Tunisie

Entretien avec Emna Godhbani : le droit tunisien face à la mendicité.

En Tunisie, la mendicité n’est pas pénalement réprimée de façon automatique et devient une infraction lorsqu’elle s’accompagne de comportements frauduleux, menaçants ou dangereux. Selon l’article 171 du Code pénal, « Est puni d’un emprisonnement de six mois quiconque simule des infirmités physiques ou des plaies dans le but d’obtenir l’aumône ».

Que dit la loi tunisienne sur la mendicité ?

En Tunisie, la mendicité n’est pas automatiquement punie sur le plan pénal. Le code pénal concentre ses dispositions sur les cas où elle est associée à la fraude, aux menaces, à l’intrusion ou à l’exploitation.

Dans quels cas la mendicité devient-elle une infraction pénale ?

La mendicité se transforme en infraction lorsqu’elle est accompagnée de comportements frauduleux, menaçants ou dangereux. Par exemple, si une personne feint un handicap, utilise la peur pour soutirer de l’argent ou utilise de faux documents.

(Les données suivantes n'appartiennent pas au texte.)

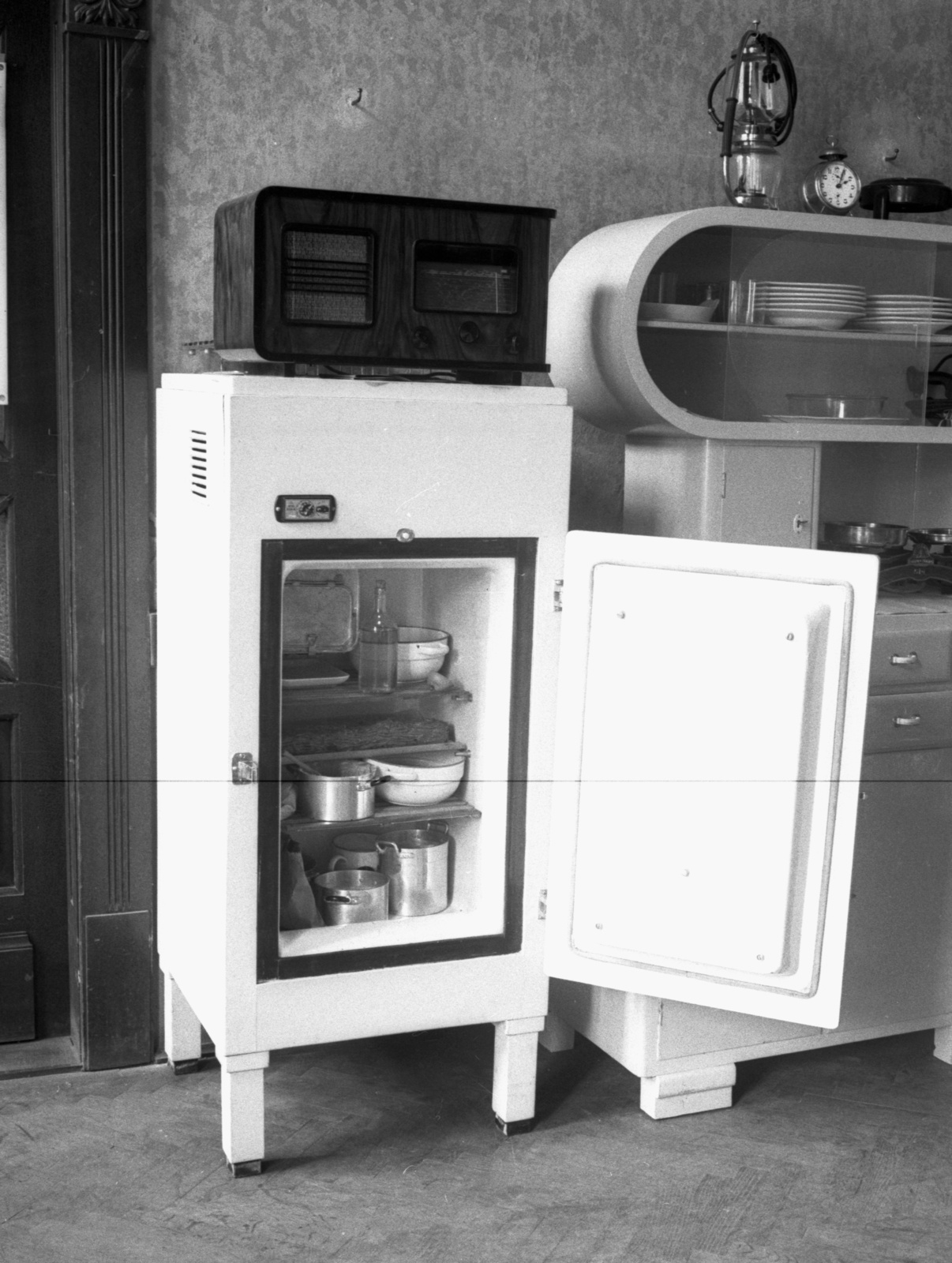 1937, Lissák Tivadar, radio, kitchen, refrigerator, coffee maker, sideboard, Fortepan #73165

Selon l’article 171 du Code pénal « Est puni d’un emprisonnement de six mois quiconque simule des infirmités physiques ou des plaies dans le but d’obtenir l’aumône. La peine est portée à un an d’emprisonnement lorsque : L’auteur recourt, dans le même but, à des menaces ou pénètre dans un domicile sans l’autorisation de son occupant ; Il est trouvé en état de mendicité, étant porteur d’armes ou d’instruments de nature à faciliter la commission de vols ; Il mendie en étant porteur de certificats falsifiés ou de tout autre document frauduleux destiné à établir l’identité des personnes ». La situation est d’autant plus préoccupante lorsque des enfants sont exposés à la mendicité.

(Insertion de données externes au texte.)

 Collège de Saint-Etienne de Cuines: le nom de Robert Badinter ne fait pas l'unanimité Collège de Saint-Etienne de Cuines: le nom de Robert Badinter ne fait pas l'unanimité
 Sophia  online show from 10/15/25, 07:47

Le Code de la protection de l’enfant considère cette exposition comme une exploitation économique. De plus, la loi organique n° 2016-61 du 3 août 2016, relative à la prévention et la lutte contre la traite des personnes, vise toutes les formes d’exploitation, notamment celles touchant les femmes et les enfants. Dans certains cas, l’exploitation d’enfants à travers la mendicité peut donc dépasser le simple cadre du délit pour relever de la traite des personnes.

Quelle différence faites-vous entre phénomène social et délit ?

La mendicité est souvent d’abord perçue comme un phénomène social. Elle peut être liée à la pauvreté, à l’exclusion, à la rupture familiale, au chômage ou à un manque de prise en charge. Cependant, dans certains cas spécifiques, la loi tunisienne considère que la mendicité peut être susceptible de poursuites pénales. Lorsque des éléments tels que la fraude, l’intimidation, l’intrusion, le port d’armes, l’exploitation d’un mineur ou l’instrumentalisation d’une personne vulnérable sont présents, le droit pénal s’applique alors.

Faut-il privilégier une approche sociale ou répressive face à ce phénomène ?

Une réponse efficace ne peut pas se limiter à une approche purement répressive ou exclusivement sociale ; elle doit plutôt s’inscrire dans une stratégie globale, équilibrant fermeté et accompagnement. Lorsqu’il s’agit de mendicité cachant une exploitation, un réseau organisé, l’usage d’enfants ou des actes frauduleux, la réaction pénale doit être stricte. Toutefois, face à des situations résultant de la pauvreté extrême, de l’exclusion ou de l’abandon, la réponse pénale ne peut se substituer à l’accompagnement social. La difficulté réside donc dans la recherche d’un équilibre : sanctionner l’exploitation sans criminaliser la misère.